--- RECORDS TO USE ---

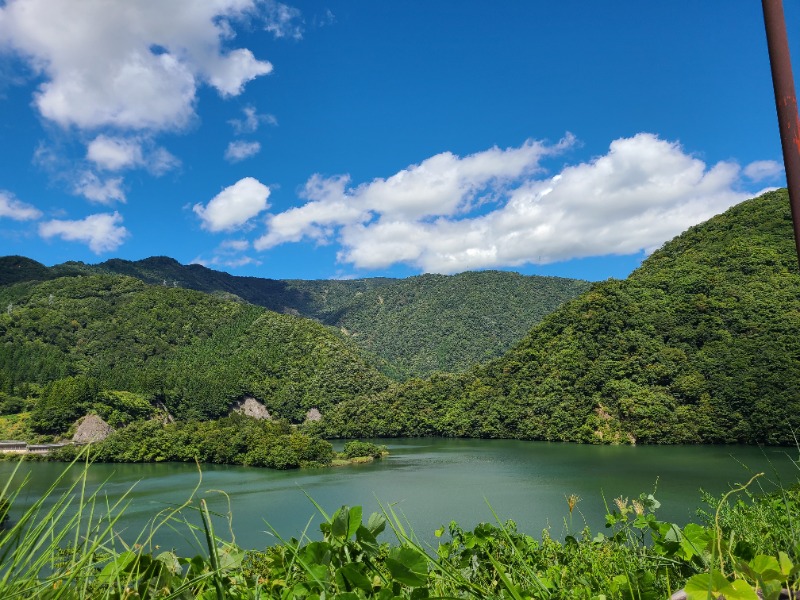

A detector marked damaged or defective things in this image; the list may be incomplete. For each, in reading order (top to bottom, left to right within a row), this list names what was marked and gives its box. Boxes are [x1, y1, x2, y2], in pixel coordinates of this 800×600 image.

rusty pole [764, 0, 800, 268]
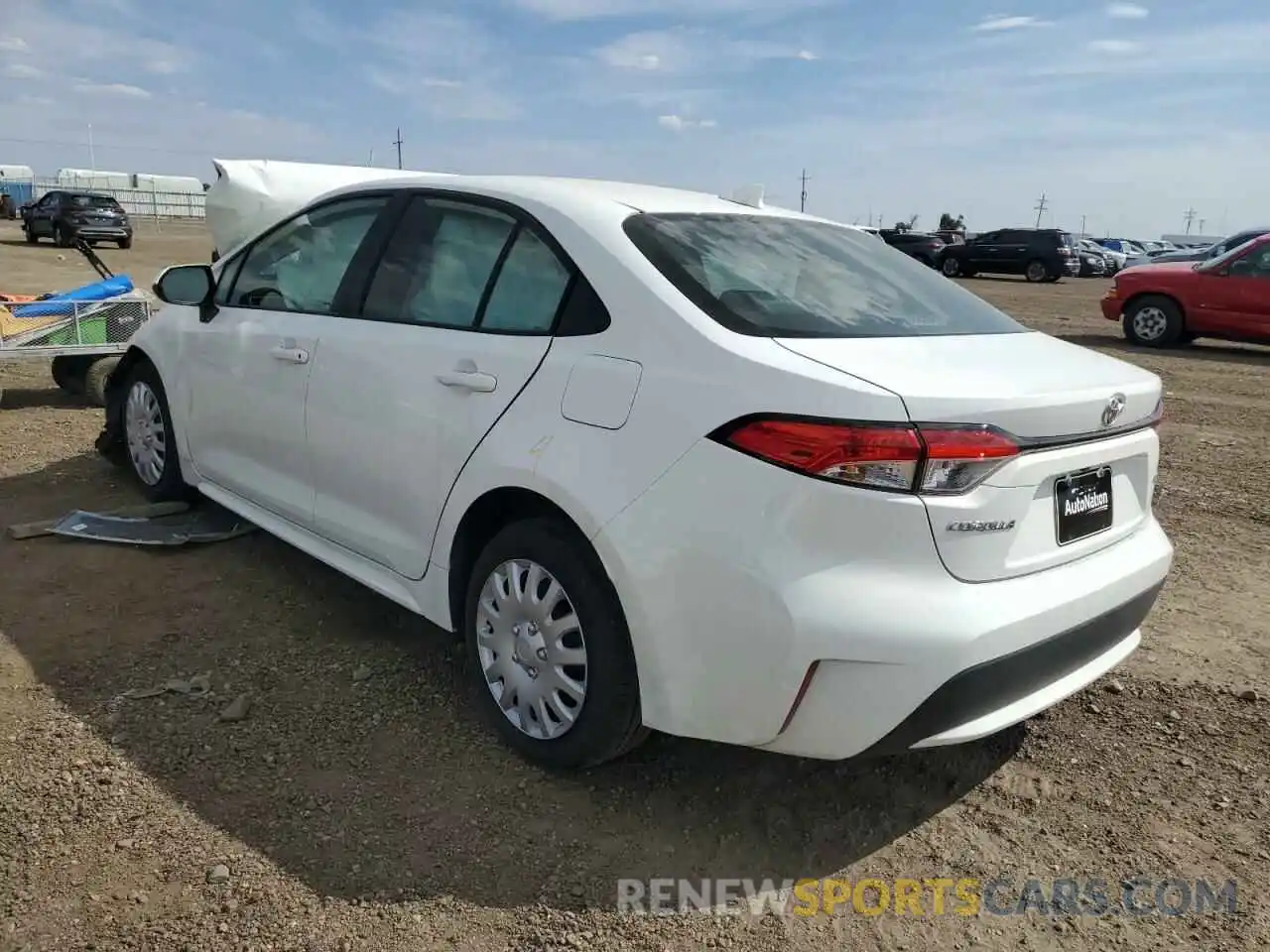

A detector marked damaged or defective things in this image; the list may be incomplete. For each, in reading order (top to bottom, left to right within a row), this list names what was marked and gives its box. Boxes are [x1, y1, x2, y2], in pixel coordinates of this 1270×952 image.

broken plastic piece on ground [49, 502, 255, 547]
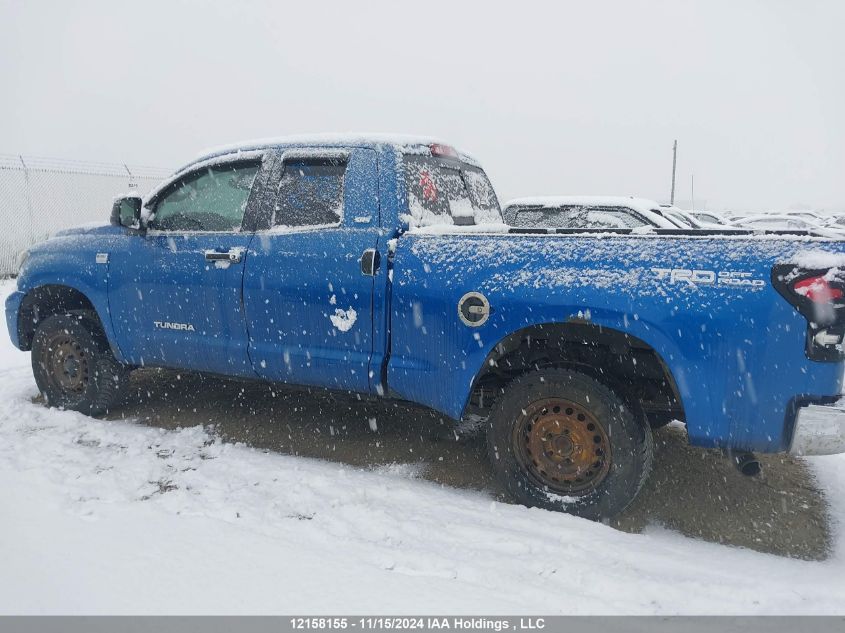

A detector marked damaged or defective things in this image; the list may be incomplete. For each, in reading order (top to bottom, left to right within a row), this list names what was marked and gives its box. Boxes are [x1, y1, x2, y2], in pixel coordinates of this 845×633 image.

rusty steel wheel [42, 330, 91, 396]
rusty steel wheel [512, 396, 608, 494]
rusty steel wheel [482, 368, 652, 520]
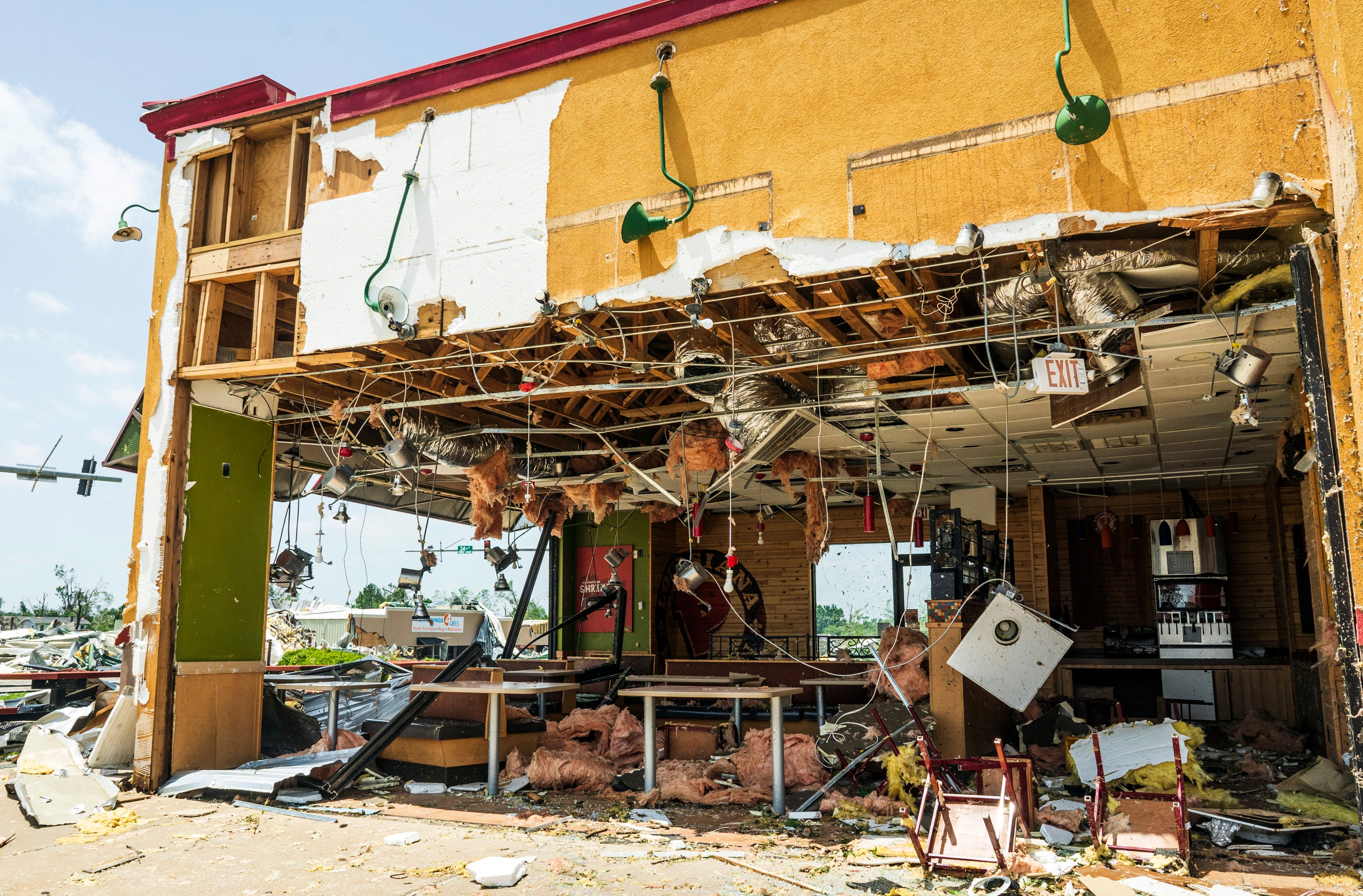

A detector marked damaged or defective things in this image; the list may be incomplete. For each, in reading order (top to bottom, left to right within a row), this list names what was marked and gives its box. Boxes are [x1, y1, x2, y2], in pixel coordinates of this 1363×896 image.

bent metal ductwork [989, 238, 1287, 381]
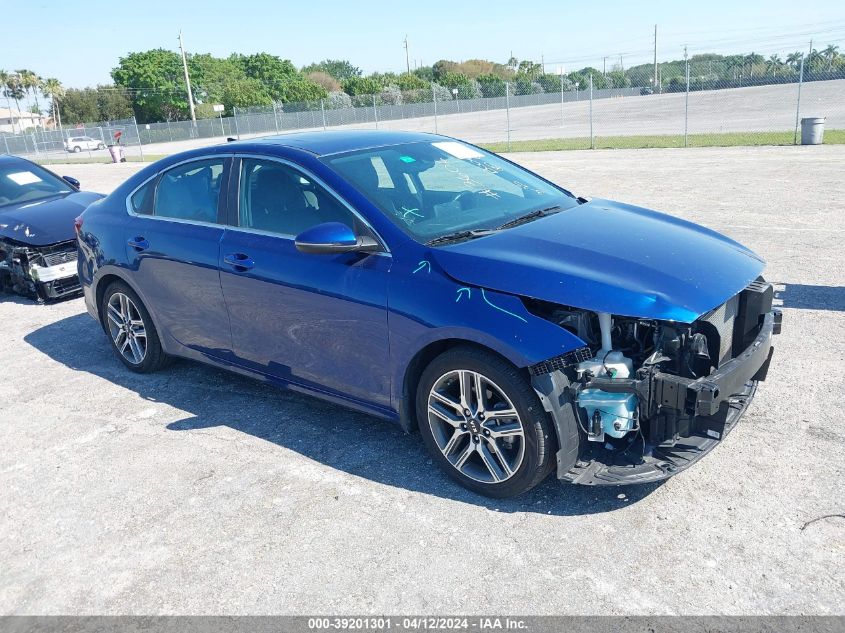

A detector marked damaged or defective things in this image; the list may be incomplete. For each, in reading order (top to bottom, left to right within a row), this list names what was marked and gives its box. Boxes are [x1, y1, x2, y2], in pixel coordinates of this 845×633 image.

damaged blue sedan [77, 130, 780, 494]
crushed front bumper [532, 308, 780, 486]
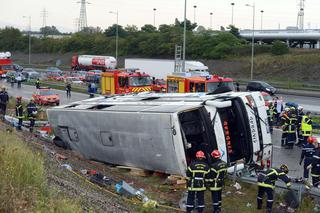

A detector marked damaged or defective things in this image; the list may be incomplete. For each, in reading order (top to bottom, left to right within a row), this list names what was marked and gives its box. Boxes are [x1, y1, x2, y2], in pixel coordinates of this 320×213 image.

overturned white bus [48, 91, 272, 176]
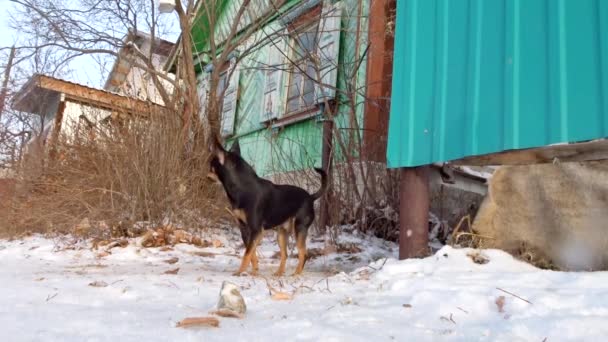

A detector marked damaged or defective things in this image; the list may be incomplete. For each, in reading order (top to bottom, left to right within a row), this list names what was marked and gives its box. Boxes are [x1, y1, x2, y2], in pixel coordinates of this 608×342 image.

rusty metal pole [400, 166, 432, 260]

---

=== PROBLEM TO SOLVE ===
Whatever lies between the line containing "this 608×342 image." and the final line above, both included, must be returned exactly.

=== RESPONSE FOR THIS EXERCISE ===
A detector marked damaged or defective things in this image; the list may be incomplete. For each, in reading order (top to bottom, left to right within a row), this list names what was marked and gives its box. Boxes are [x1, y1, x2, y2], in pixel coordinates of this 608×342 image.

rusty metal pole [400, 166, 432, 260]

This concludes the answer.